19. Yet some would be just as well to be left off. Bit-o-Honey, for example, might be called a lower tier member, but why bother? It says to your trick-or-treaters, “Here, I don’t care, just take this.” The lesson of Bit-o-Honey is: you lose. Doorstep offers of lectures in civics, too. You’re making a social statement–“I hate you and everything you represent”– when you give these out.

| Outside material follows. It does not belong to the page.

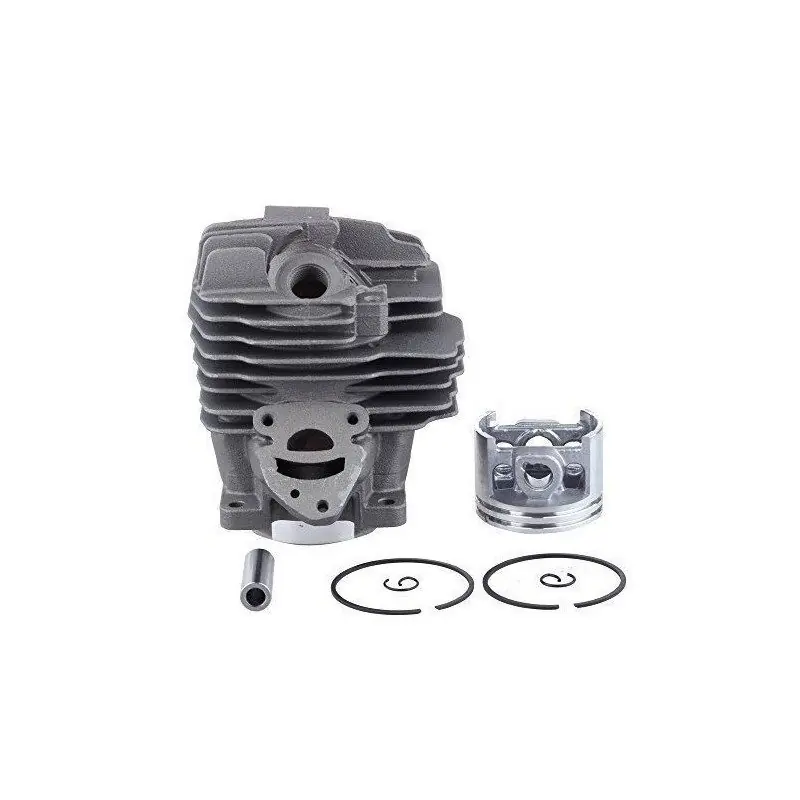 Nouvel Arrivage Cylindre piston pour Stihl MS 261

20. Yes, we really meant fruit that is healthy, clean-cut upstanding fruit that takes time from its gym membership and all the demands that come with it to contribute a positive message of citizenship and camaraderie to the community.  This isn’t a typo of healthy for healthful. (see U.M.H. 2011)

21. Research has further defined this relationship. Currently, it has been suggested that Blackwing Pencils > Hugs > Creepy Hugs > Pencils. (Lobster, Prufrock451, and Warreno, 2010)

22. Unless you eat them properly. To quote Anonymous, 2010: “The trick to realizing how brilliant and delicious Now ‘n Laters are is a two step process. The first step is to carefully read the name of the candy. “Now ‘n Later.” What does it mean, you ask? Well, it implies that the candy will be different “now” (when you put it in your mouth) and at some point “later” in time. A small leap of logic takes us to the second step: be patient. You need to suck on it for a while until it softens. If you skip this step, the Now ‘n Later will be an inedible, rock-like colorful brick quite worthy of the low end of the hierarchy. But if you are patient in your candy-eating process, oh the rewards you will reap!”

B.R. Cohen is a professor, a writer, and a guy who used to blog with Dave Ng.  He teaches at Lafayette College in Easton, PA.